As the rising number of Covid-19 cases has prompted the National Command and Operation Centre (NCOC) to recommend mask-wearing in crowded places, the Punjab health minister has blamed the uptick on political activities, especially in Lahore, the Pakistan Super League (PSL) and other cultural activities.

Talking to Dawn, Dr Javed Akram also insisted that pandemic fatigue — an expected and natural response to a prolonged public health crisis — and variation in the coronavirus were also responsible for more cases, as the efficacy of current vaccines has dropped to around 60pc from 90pc previously.

Data released by the NCOC on Saturday morning showed that 109 people were infected by the coronavirus and the national positivity was 2.05pc over the last 24 hours. As many as 14 patients were in critical condition.

Earlier this week, the centre recommended wearing of masks in crowded and tightly enclosed places and healthcare facilities. The guidelines were issued for a period of up to April 30, keeping in view the current Covid-19 trend in the country.

Dr Akram told Dawn that the Omicron variant of Covid-19 had changed itself and converted into XBB 1.5, BQ 1.1 and BQ 1, leading to a surge in cases across the world.
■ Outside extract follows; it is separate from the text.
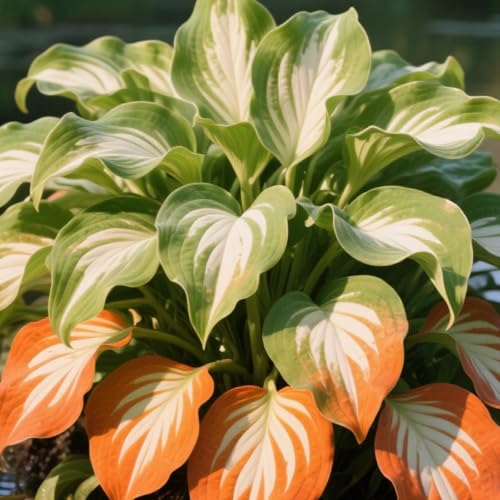 Ampoules Hosta - Parfaites pour les pots, les conteneurs et les présentoirs d'intérieur, grandes ampoules décoratives A-4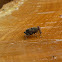 Fruit Fly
“Moreover, we are still using the same vaccine, which was prepared against the initial virus. With the passage of time, the virus has changed itself and the vaccine is now just 60pc effective against it. Pfizer and Moderna have introduced bivalent vaccines, but they are not available in Pakistan,” he said.

“Most people were inoculated over six months ago so their immunity level has also dropped. The nation is also facing pandemic fatigue due to which they don’t take precautionary measures,” he said.
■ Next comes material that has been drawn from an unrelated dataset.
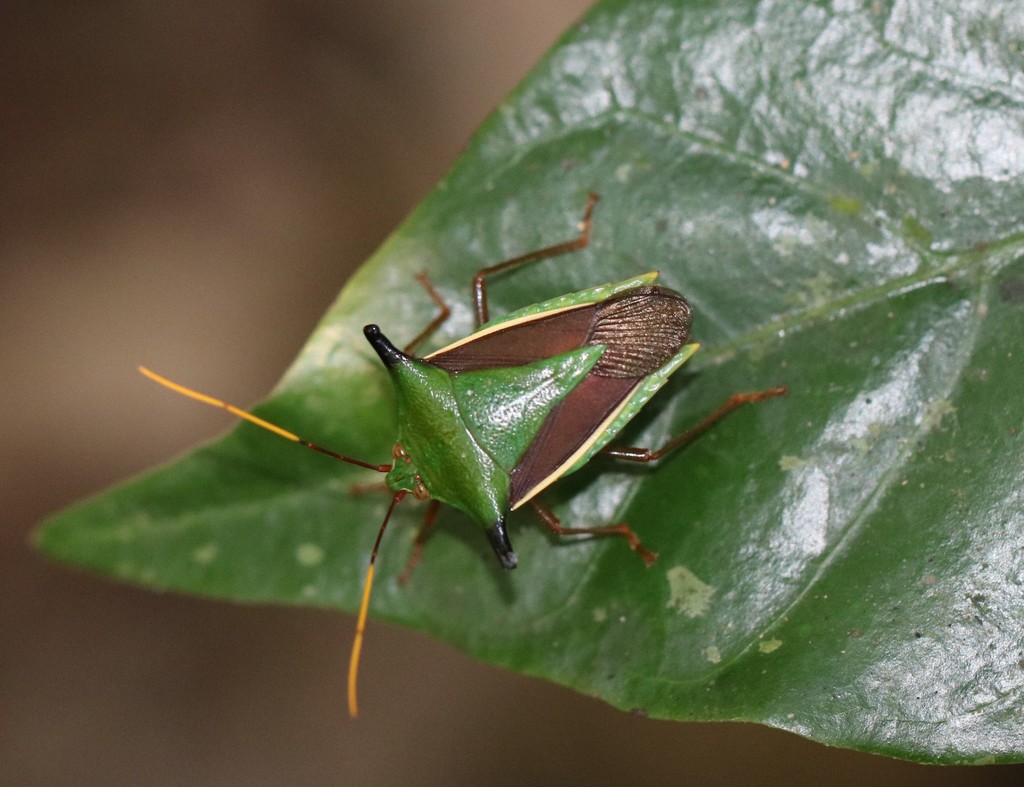Edessa elaphus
Dr Akram suggested that citizens should wear masks and try to avoid crowded places.

“Unfortunately, political activities, especially in Lahore, have also contributed to Covid-19 cases. On the other hand, the PSL and other social gatherings are some other reasons behind the virus spread,” he said.

He said the present vaccines were less effective against new variants of the virus, but it was not confirmed if the virulence of the virus had increased or not.

Besides, Dr Akram said, several people in Pakistan had diabetes and high blood pressure, which made them more vulnerable to the virus. “I would suggest people get themselves inoculated if they have not got a booster or vaccine for the last six months,” he said.